Source: nigeriafilms.com

If the current posture of the leadership of the Film/Video Producers Marketers Association of Nigeria is anything to go by, there is hope that sanity will soon return into the film industry in the country.

For years, stakeholders have lamented the breakdown in decorum both at the levels of the quality of films being produced, and at the rate at which the market is being flooded with all manners of 'films'.

But at a crucial meeting held by the leadership of the association in Lagos on Tuesday, it rolled out new rules that, it believes, are bound to help mop up the scene.

It is the aftermath of a three-month break the industry had observed. The break was called off on June 2.
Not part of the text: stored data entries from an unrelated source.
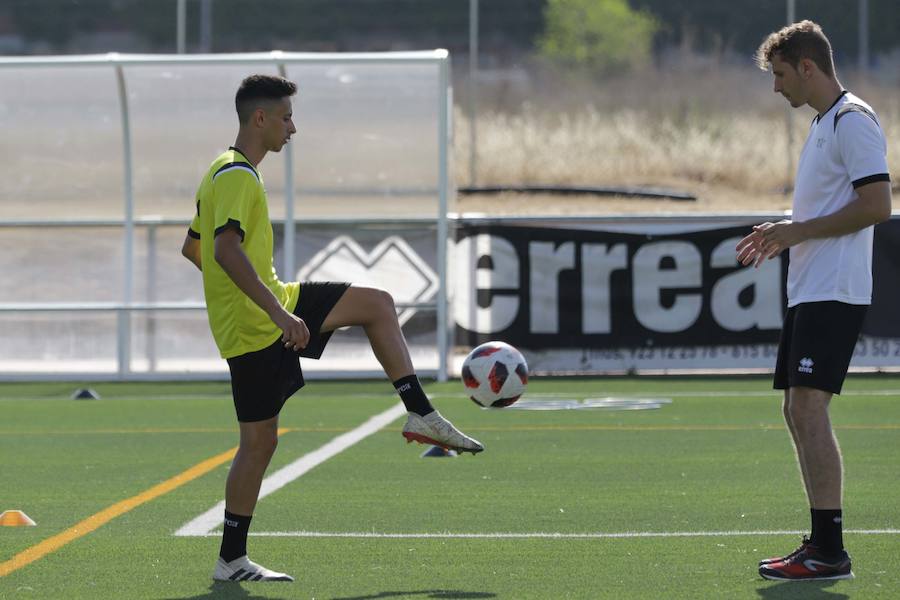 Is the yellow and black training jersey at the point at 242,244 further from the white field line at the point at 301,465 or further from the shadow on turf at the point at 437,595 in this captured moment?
the white field line at the point at 301,465

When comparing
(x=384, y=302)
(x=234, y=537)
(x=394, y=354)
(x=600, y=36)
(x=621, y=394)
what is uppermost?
(x=600, y=36)

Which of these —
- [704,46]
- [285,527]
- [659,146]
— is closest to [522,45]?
[704,46]

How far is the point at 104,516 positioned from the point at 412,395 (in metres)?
2.34

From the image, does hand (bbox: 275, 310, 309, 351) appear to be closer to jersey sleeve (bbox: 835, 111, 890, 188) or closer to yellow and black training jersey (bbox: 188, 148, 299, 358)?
yellow and black training jersey (bbox: 188, 148, 299, 358)

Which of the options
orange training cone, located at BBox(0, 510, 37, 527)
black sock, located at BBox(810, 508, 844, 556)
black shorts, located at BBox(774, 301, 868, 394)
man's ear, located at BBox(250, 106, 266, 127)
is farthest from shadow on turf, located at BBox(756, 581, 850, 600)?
orange training cone, located at BBox(0, 510, 37, 527)

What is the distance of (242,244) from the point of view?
6.15 metres

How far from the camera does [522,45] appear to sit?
A: 139ft

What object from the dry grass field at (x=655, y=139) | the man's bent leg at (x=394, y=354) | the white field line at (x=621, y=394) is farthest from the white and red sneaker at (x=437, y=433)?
the dry grass field at (x=655, y=139)

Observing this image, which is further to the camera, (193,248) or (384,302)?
(193,248)

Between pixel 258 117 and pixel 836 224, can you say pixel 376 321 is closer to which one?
pixel 258 117

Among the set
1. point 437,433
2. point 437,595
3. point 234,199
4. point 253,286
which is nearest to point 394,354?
point 437,433

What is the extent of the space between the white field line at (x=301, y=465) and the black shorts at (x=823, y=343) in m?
3.01

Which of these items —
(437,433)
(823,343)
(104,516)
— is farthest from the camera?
(104,516)

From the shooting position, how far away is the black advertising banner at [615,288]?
1645 cm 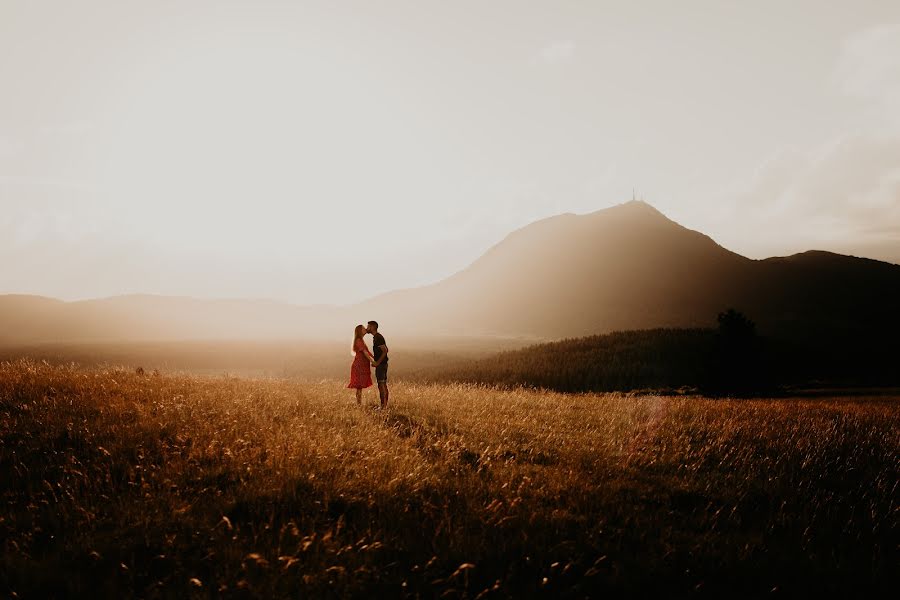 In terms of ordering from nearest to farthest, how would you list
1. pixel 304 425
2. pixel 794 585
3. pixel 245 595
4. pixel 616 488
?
pixel 245 595, pixel 794 585, pixel 616 488, pixel 304 425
”We embarked on a number of far-reaching measures because we believe that reform never comes to a class of people unless those concerned have worked out their own salvation,” said the FVPMAN President, Emmanuel Isikaku.

Among others, it has become a sin for a film maker to release movies in double or multiple parts simultaneously.

Said Isikaku, ”Henceforth, there will be nothing like a Part One, Two, Three, Four or Five movies whether approved by the Censors Board or not until our people understand what it means to have a movie run up to that point.”

Indeed, the number produceable has been reduced to 11 per every two weeks.

”This will also take care of the film glut we are presently experiencing, thereby, making it possible for producers to recoup their investment to enable them produce standard movies,” he added.

The FVPMAN producer noted that part of the fruit of the break was that the practitioners had been able to open ”a whopping 16 outlets” in the country during the three months. He expressed the hope that all the 36 states of the federation would have outlets by the end of the year.

Meanwhile, the FVPMAN has also dissociated itself from a new distribution framework being proposed by the Nigerian Film and Video Censors Board.

On this, Isikaku said, “We are worried not because the idea is bad in itself, but because we are the core investors in the movie industry. We have our distribution network and if anybody wants to talk about structures to distribute our products, we are the right people he should seek advice from. But right now, the reverse is the case.”